Scraped caption text data:
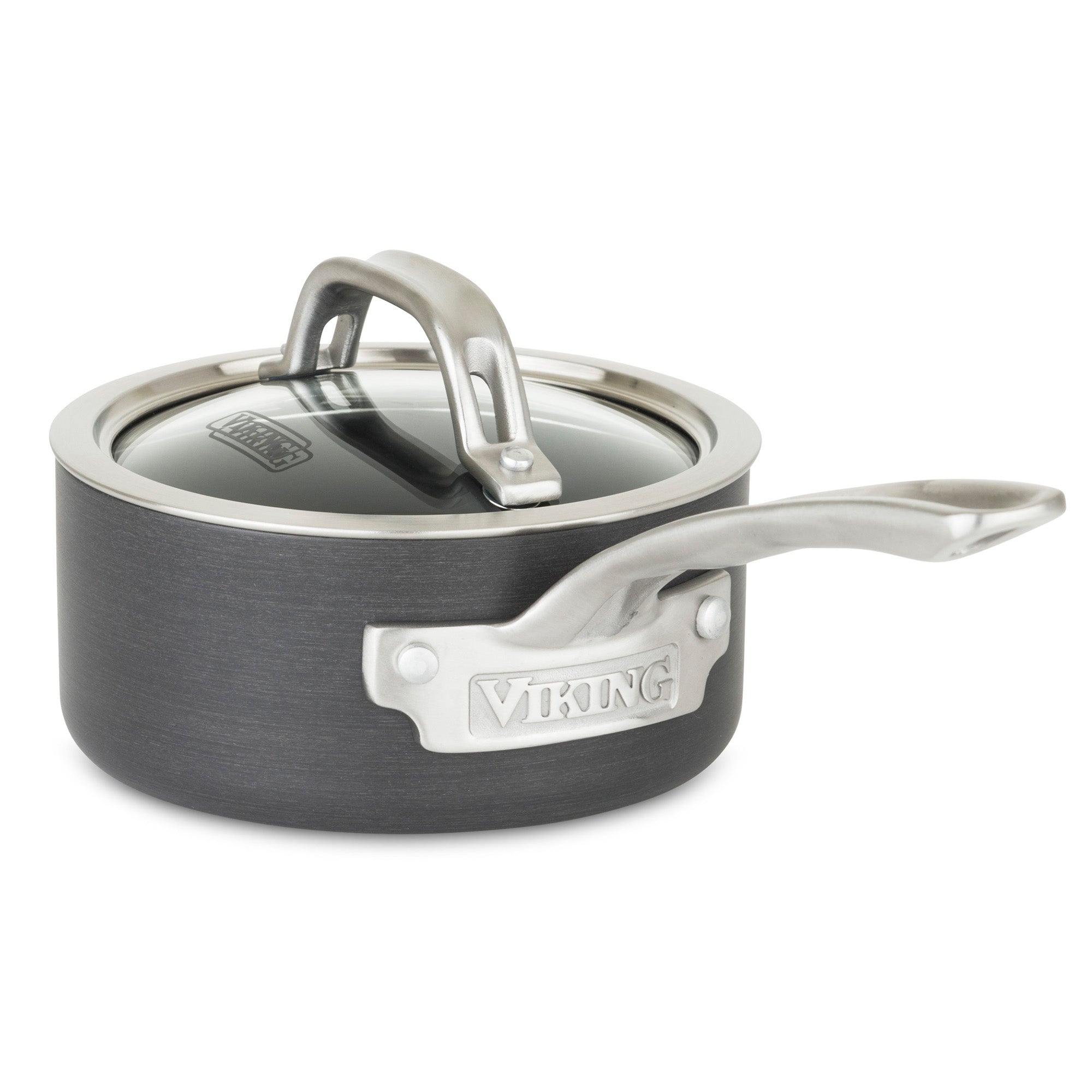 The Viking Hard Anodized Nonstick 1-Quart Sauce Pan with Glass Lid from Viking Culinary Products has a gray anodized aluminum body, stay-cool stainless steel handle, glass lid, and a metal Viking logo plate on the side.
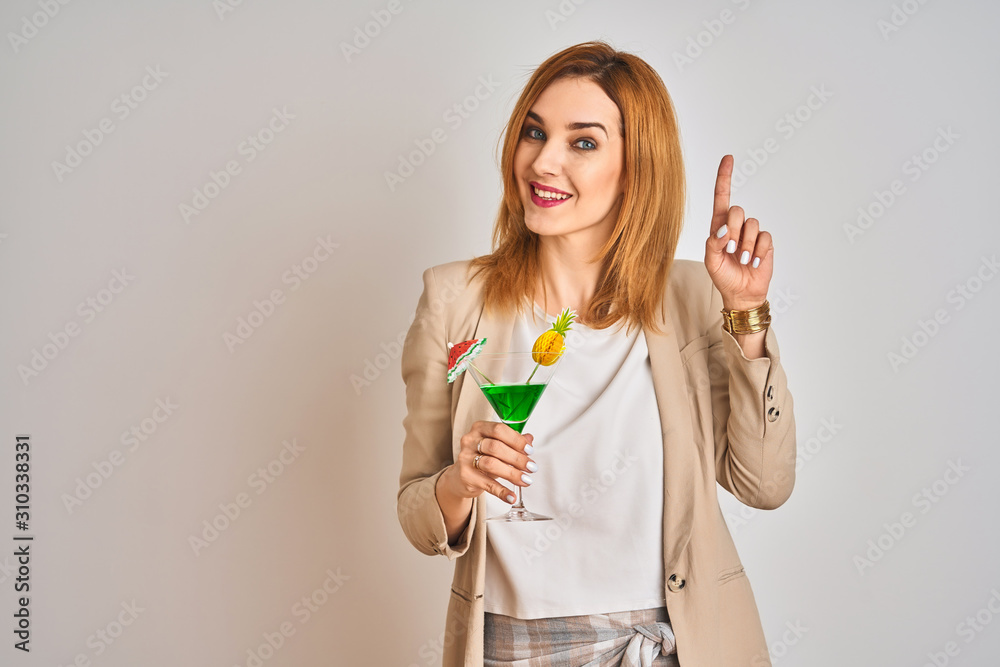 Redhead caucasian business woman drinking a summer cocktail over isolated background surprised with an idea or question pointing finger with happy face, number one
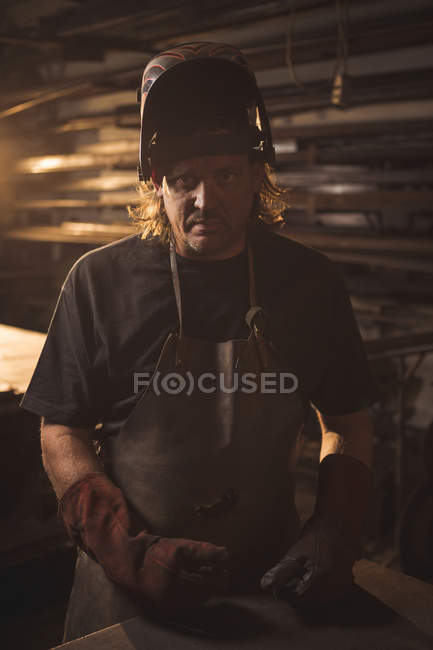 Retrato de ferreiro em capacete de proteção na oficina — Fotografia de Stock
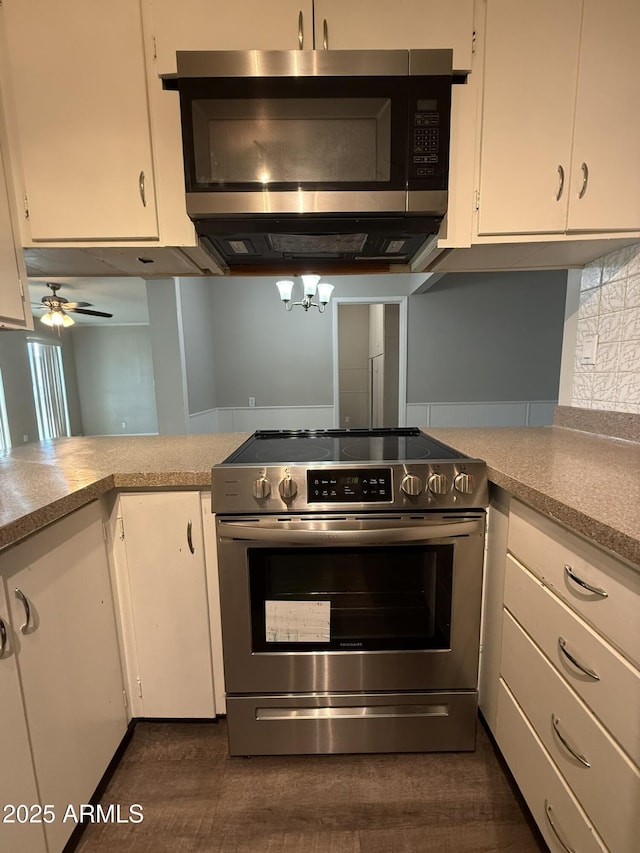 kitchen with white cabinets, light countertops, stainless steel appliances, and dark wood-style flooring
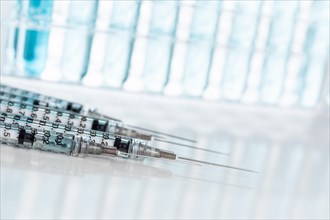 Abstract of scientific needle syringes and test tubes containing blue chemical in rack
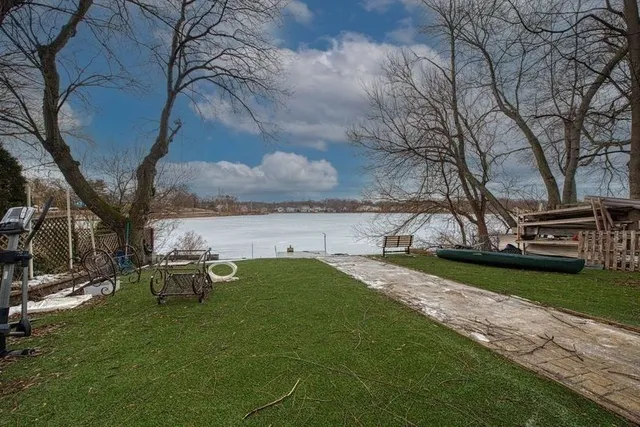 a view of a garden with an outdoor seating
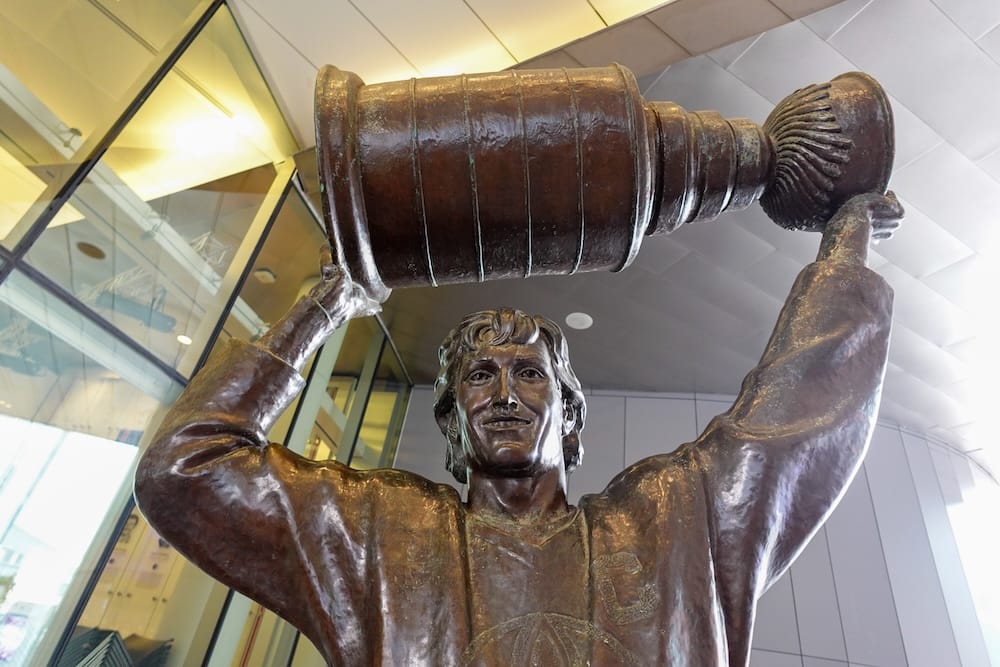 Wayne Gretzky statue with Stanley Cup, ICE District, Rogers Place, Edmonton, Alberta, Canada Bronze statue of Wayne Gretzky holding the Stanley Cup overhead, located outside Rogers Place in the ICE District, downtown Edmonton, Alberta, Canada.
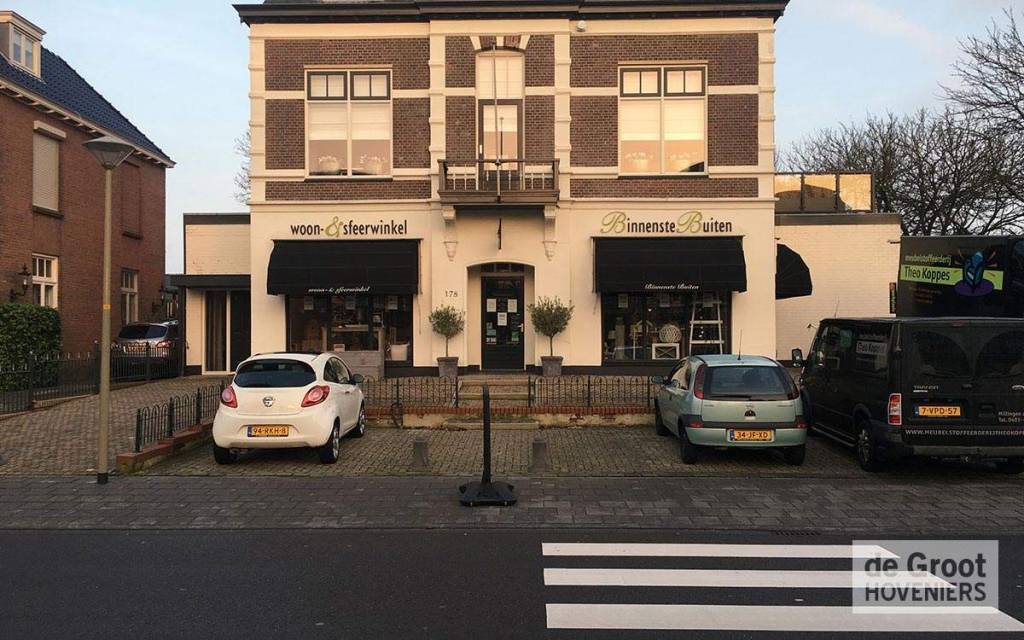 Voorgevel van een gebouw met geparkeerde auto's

WORK ORDER: If a picture appears among the records, leave it out, and otherwise reproduce exactly every line from the first line through the one with "kitchen with white", both included.

ANSWER TO THIS TASK:
 The Viking Hard Anodized Nonstick 1-Quart Sauce Pan with Glass Lid from Viking Culinary Products has a gray anodized aluminum body, stay-cool stainless steel handle, glass lid, and a metal Viking logo plate on the side.
 Redhead caucasian business woman drinking a summer cocktail over isolated background surprised with an idea or question pointing finger with happy face, number one
 Retrato de ferreiro em capacete de proteção na oficina — Fotografia de Stock
 kitchen with white cabinets, light countertops, stainless steel appliances, and dark wood-style flooring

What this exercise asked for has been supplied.